The paper only provides an evaluation, without studying or discussing how to address the issue of LLMs in library updates. This is a relatively thin contribution, especially given that there are already a few benchmarks in the same domain as cited by the paper.

问题

I also have a few smaller questions:

Line 177: How many samples fall under the Argument or Attribute and Function Name change categories exactly?
Line 322: Why is performance better in 2023 than 2022?
Line 430: Figure 3.4 should be Figure 5.
Line 495: Wang et al. is not properly linked to the reference.

审稿意见

评分: 3置信度: 52024-11-11

The paper argues that LLMs are extensively used as virtual coding assistants but frequently fail to generate accurate version-specific code amidst the fast-evolving software landscape. To address this, the paper presents GitChameleon, a new benchmark that assesses and enhances LLMs' ability to produce executable, version-tailored code. This benchmark highlights existing models' limitations and offers a pathway to improve their effectiveness in dynamic coding environments.

优点

The paper underscores the need for LLMs to keep up with rapidly changing libraries, enhancing the practicality of code generation tools. Thus, GitChameleon focuses on version-specific code to evaluate model limitations and suggest improvements in LLM development.
A new benchmark specifically targeting version-specific code generation.
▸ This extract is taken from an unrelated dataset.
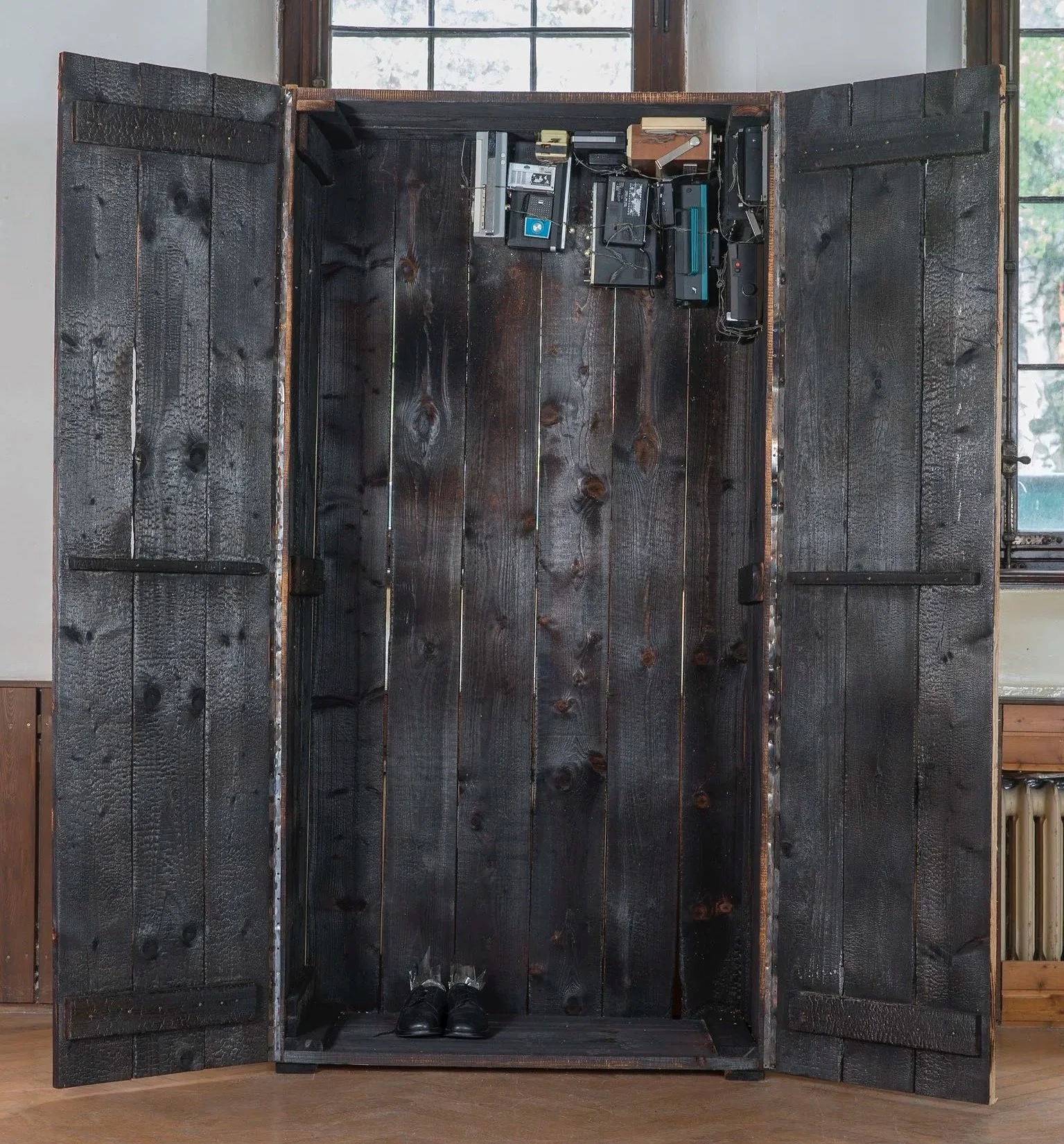 Kunstinstallation, dunkler Holzkasten mit Schuhen am Boden, im Inneren befinden sich alte, veraltete elektronische Geräte und Kabel, Eduard Winklhofer Düsseldorfer aktueller Künstler 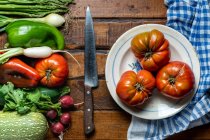 Frisches Bio-Gemüse auf einem dunklen Holztisch mit Tomaten in einer Schüssel und einem Messer — Stockfoto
The benchmark assesses models based on real execution of version-conditioned prompts, providing a systematic and practical measure of model performance.

缺点

The benchmark assesses model performance on only a few hundred examples, which may not fully capture the diversity and complexity of real-world codebases.
Expanding GitChameleon as the modes evolve will be non-trivial. The benchmark will soon be saturated. Also, to cover more libraries and languages may be difficult.
While GitChameleon addresses an important gap, the benchmark and related evaluation seems to be an incremental improvement.

问题

How are you planning to keep the benchmark up-to-date as the APIs and the models will evolve?

撤稿通知

2024-11-20

I have read and agree with the venue's withdrawal policy on behalf of myself and my co-authors.